Zuma bemoaned the state of the alliance in his opening address to the conference at Nasrec in southern Johannesburg on Saturday, saying tensions have come to a head while the alliance partners still need each other.

The ANC entered into an alliance with the SACP, Cosatu and the South African National Civics Organisation (Sanco) in 1993, and has won elections with the three bodies campaigning for them since the turn of democracy.

Zuma said that in 1994 alliance tensions emanated from the disagreements about the ANC’s policy choices.

“The tensions that have built up over the years, at times as a result of dissatisfaction with policy instruments adopted by ANC and govt, have now come to a head in an unprecedented move.

“We saw in the past few months our alliance partners marching side by side with right wing forces who are historically opponents of our democratic revolution, calling on the president of the ANC to step down,” Zuma said.

“A decision was taken by our allies to bar the president of the ANC from attending any or addressing any of their gatherings. Hardly three weeks ago, the SACP contested elections on its own, working against the ANC in the Metsimaholo local government,” Zuma added.

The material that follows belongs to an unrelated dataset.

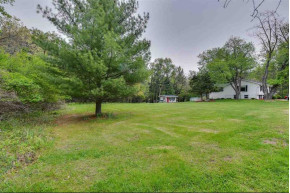 6.86 ACRES W Brown Deer Ln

Both the SACP and Cosatu have called on Zuma to step down. The SACP publicly criticized Zuma after he sacked former finance minister Pravin Gordhan and his deputy, Mcebisi Jonas, accusing him of crippling the country’s criminal justice system.

Cosatu said it had lost confidence in Zuma to lead and unite the ANC and the country, and therefore would not allow him to speak at its events. On May Day this year, Zuma was booed by hundreds of workers in the Free State.

He told the ANC delegates that the conference was obliged to publicly respond to these positions by its allies, as the ANC is the leader of the alliance and the decisions to ban Zuma and call for him to step down were taken at public conferences.

“This conference must discuss these new developments and provide direction having given due regard to proposals of SACP around the reconfiguration of the alliance in line with new conditions of struggle,” Zuma said.

“It’s important that when we take decisions about it, we carefully think about what we are doing to our history and our objectives, that are still there. Our revolution is not complete. Don’t we need one another? I think we still do,” Zuma added.

The outgoing ANC president said he hoped his replacement would lead such a delegation, which would discuss the tensions at the alliance political council next year.